The study contradicts the previously held view that women with one copy of Apolipoprotein E4 allele (ApoE4) — the main genetic risk factor for late-onset Alzheimer — were diagnosed with the disease 50 per cent more often than men with the same genetic profile.
The reasons that might underlie these sex differences could be linked to physiologic changes associated with menopause and estrogen loss, the researchers said in the paper published in the journal JAMA Neurology.
“Menopause and plummeting estrogen levels, which on average begins at 51, may account for the difference,” said Judy Pa, Assistant Professor at the University of Southern California, Los Angeles.

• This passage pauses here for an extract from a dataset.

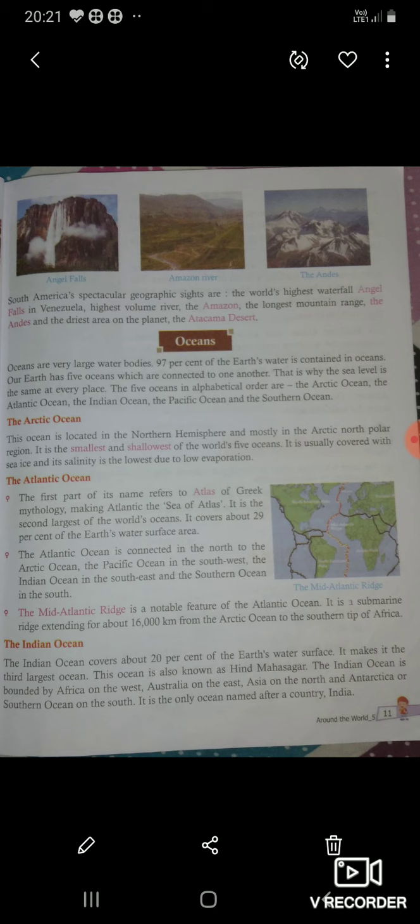Hello children, welcome to Class 5th. How are you children? I hope all are fine. In the previous topic we read about the continents. Today I will teach you about the oceans.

For the study, the team analysed 27 research studies with data on nearly 58,000 participants, between the ages of 55 and 85, to determine how sex and APOE genotype affect the risks for developing mild cognitive impairment (MCI) — often the transitional phase from cognitively normal ageing to dementia, and Alzheimer’s.
Further, women also appeared to be at increased risk of developing Alzheimer’s between the ages of 55 and 70 compared to men.
“Collectively, our findings, along with previous work, warrant further investigation into a likely complex set of risk factors with consideration of sex-specific treatments for cognitive decline and Alzheimer’s disease,” said Arthur W. Toga, from the varsity.
“For example, if women are at increased risk for AD at younger ages, it is plausible that treatments for women may need to be initiated earlier, especially in those who carry an APOE E4 allele.”